[TASK ITEM]
Your answer must consist only of the lines from the start of the entries through the line that holds "172421 Housing, water pump", copied exactly, with no pictures.
---------- SOURCE MATERIAL
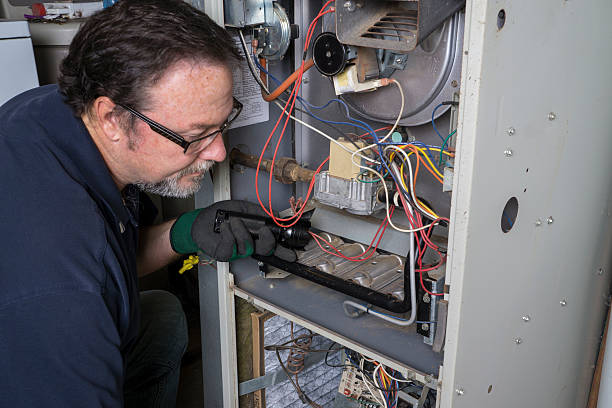 Commercial Electrical Services in Island Park, NY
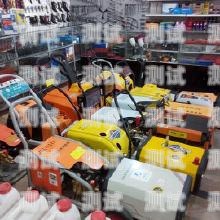 濟南電話機器人維修中心，專業(yè)服務(wù)，保障您的業(yè)務(wù)暢通濟南 電話機器人維修中心地址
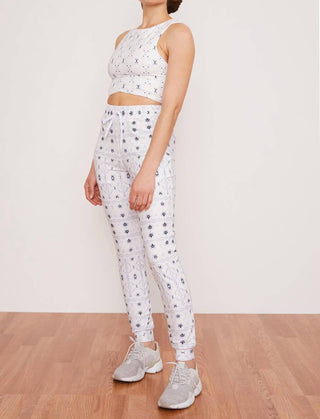 Wolven - Alpine Ultra Soft Jogger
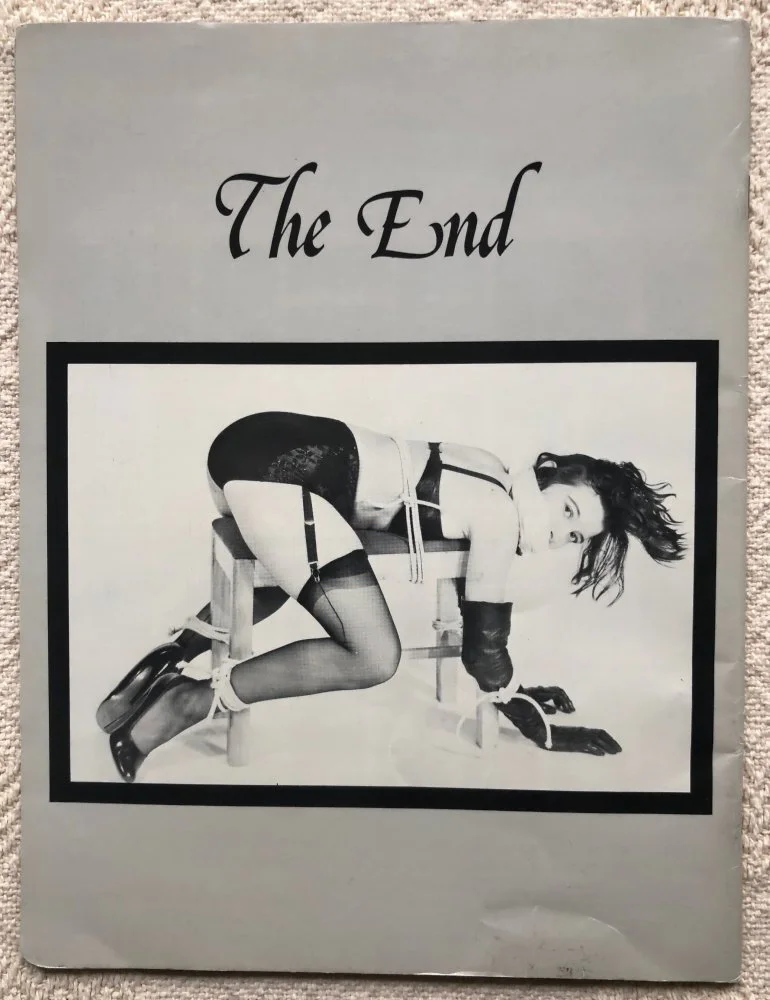 IK 48-52 - 6 (1) - 2.jpeg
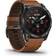 Garmin Epix Pro (Gen 2) 51mm Sapphire Edition with Leather Band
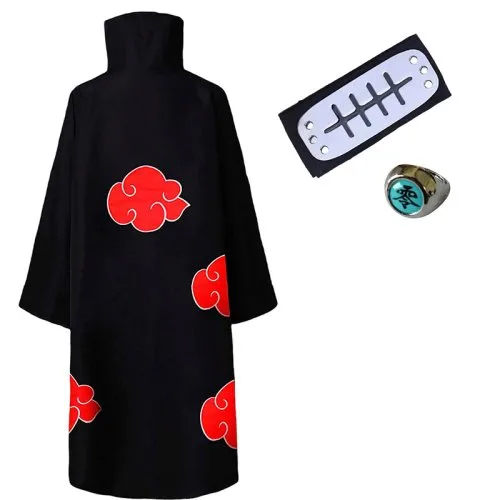 Stijl E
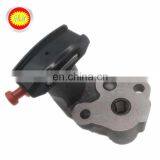 High Quality and Reasonable Price Auto Parts Engine Timing Chain Tensioner Oem 13070-8j14c thumbnail-5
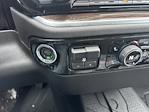 New 2026 Chevrolet Silverado 1500 RST Crew Cab for sale #2524826 - photo 11
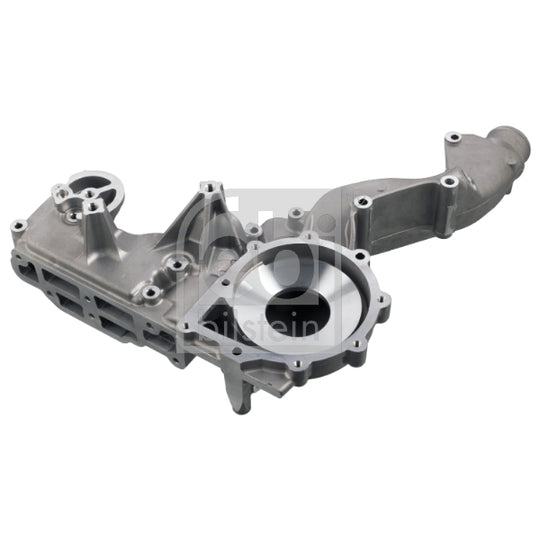 172421 Housing, water pump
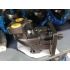 Гидравлический мотор 3781542 PARKER F12-110-MS-SV-S-000-000-00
--------------------
[EXERCISE SOLUTION]
 Commercial Electrical Services in Island Park, NY
 濟南電話機器人維修中心，專業(yè)服務(wù)，保障您的業(yè)務(wù)暢通濟南 電話機器人維修中心地址
 Wolven - Alpine Ultra Soft Jogger
 IK 48-52 - 6 (1) - 2.jpeg
 Garmin Epix Pro (Gen 2) 51mm Sapphire Edition with Leather Band
 Stijl E
 High Quality and Reasonable Price Auto Parts Engine Timing Chain Tensioner Oem 13070-8j14c thumbnail-5
 New 2026 Chevrolet Silverado 1500 RST Crew Cab for sale #2524826 - photo 11
 172421 Housing, water pump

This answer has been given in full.